Three Asian Writers Win Literary Awards

18 April 2010
Three Asian Writers Win Literary Awards
Dilruba Ahmed's manuscript Dhaka Dust was awarded the 2010 Bakeless Literary Prize for Poetry. The Bakeless Prize, named for Middlebury College supporter Katharine Bakeless Nason, was established in order to support emerging writers. The manuscript, selected by Arthur Sze, will be published by Graywolf Press in 2011. An interview about her poems has appeared on The Collagist, while a press release on her forthcoming book will go live at the Bakeless Prize site.

Malaysian writer Shin-Li Kow won the Selangor Young Talents Award for "Night Shift Blues." The short story is from her fiction collection, Ripples, which was nominated for the Commonwealth Writers' Prize and Frank O'Connor International Short Story Award. The Selangor award is a government-initiated award established to appreciate young people in the field of arts and culture. It carries a RM3000 cash prize. (As of this writing, the Selangor Award for 2011 has opened. Deadline for nominations is November 10th. Visit www.gen-s.com.my for details.)

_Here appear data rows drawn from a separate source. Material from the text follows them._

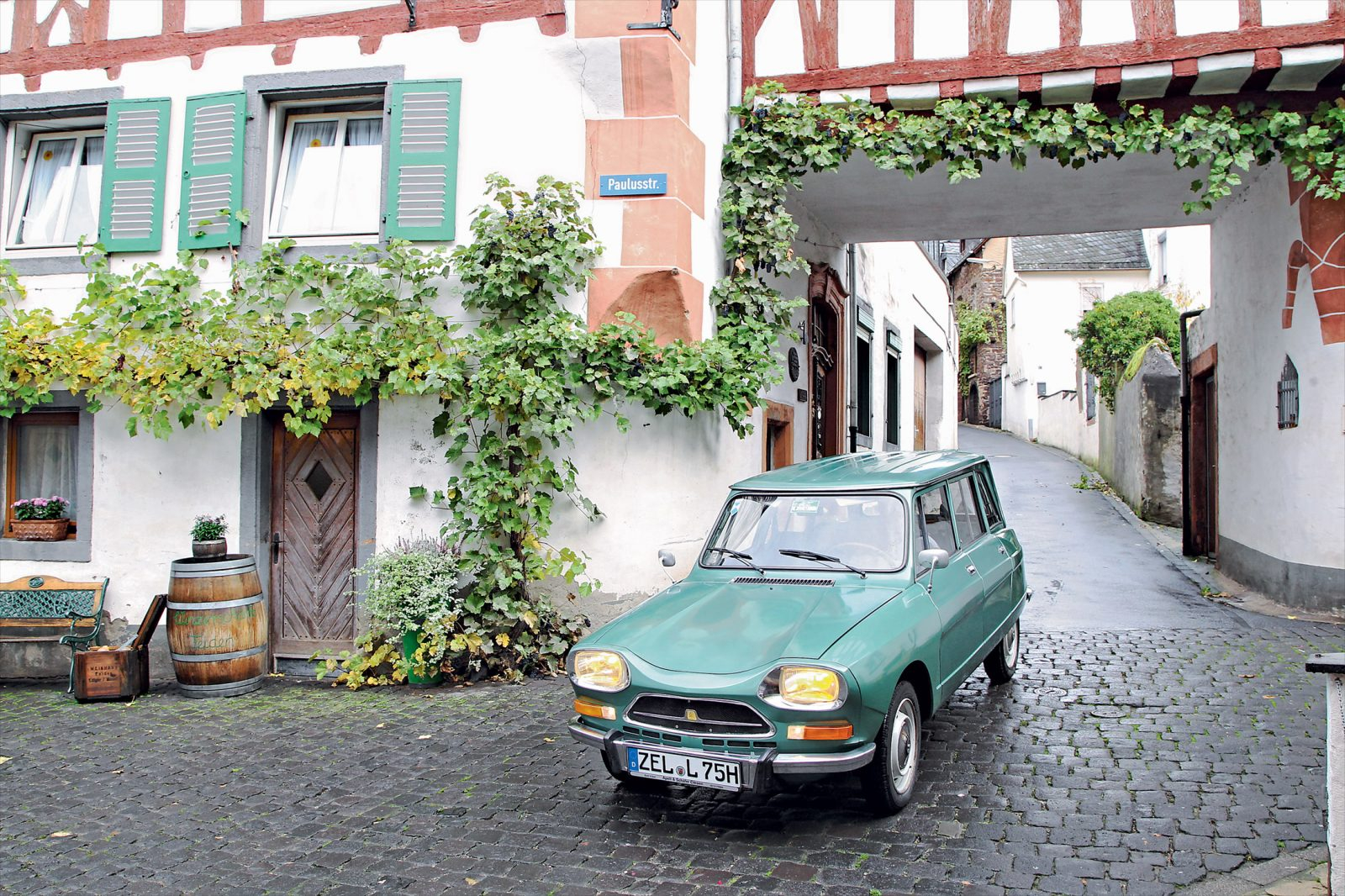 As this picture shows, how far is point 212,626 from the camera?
23.4ft

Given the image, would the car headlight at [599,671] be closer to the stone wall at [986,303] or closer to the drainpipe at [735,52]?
the drainpipe at [735,52]

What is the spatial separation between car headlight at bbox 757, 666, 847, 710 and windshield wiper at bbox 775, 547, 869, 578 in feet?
3.34

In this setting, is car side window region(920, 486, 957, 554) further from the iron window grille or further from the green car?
the iron window grille

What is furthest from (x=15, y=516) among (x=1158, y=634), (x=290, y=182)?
(x=1158, y=634)

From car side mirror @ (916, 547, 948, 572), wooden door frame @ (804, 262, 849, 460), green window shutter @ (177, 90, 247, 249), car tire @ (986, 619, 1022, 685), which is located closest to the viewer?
car side mirror @ (916, 547, 948, 572)

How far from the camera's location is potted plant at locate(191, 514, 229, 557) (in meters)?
7.33

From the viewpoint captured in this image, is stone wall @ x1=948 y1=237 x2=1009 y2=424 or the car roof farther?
stone wall @ x1=948 y1=237 x2=1009 y2=424

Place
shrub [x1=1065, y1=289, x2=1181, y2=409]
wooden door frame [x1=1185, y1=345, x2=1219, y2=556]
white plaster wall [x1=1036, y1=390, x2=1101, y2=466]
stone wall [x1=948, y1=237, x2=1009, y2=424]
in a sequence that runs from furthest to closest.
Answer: stone wall [x1=948, y1=237, x2=1009, y2=424], shrub [x1=1065, y1=289, x2=1181, y2=409], white plaster wall [x1=1036, y1=390, x2=1101, y2=466], wooden door frame [x1=1185, y1=345, x2=1219, y2=556]

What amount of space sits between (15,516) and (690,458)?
579 cm

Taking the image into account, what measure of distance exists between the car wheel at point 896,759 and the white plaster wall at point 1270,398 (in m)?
5.84

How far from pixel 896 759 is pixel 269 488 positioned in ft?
19.3

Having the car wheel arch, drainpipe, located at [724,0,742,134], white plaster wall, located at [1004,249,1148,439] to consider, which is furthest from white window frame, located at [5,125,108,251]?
white plaster wall, located at [1004,249,1148,439]

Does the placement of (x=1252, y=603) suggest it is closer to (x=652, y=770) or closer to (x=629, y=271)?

Indian writer, Thangjam Ibopishak, has been conferred the second Manipur State Award for Literature. The award was instituted by State Education Department in 2008 to acknowledge works of writers and poets. Thangjam Ibopishak Singh is among the leading and most popular poets of northeast India. Based in Imphal, he writes in Manipuri, the language of the indigenous Meitei community. He has published six volumes of poetry.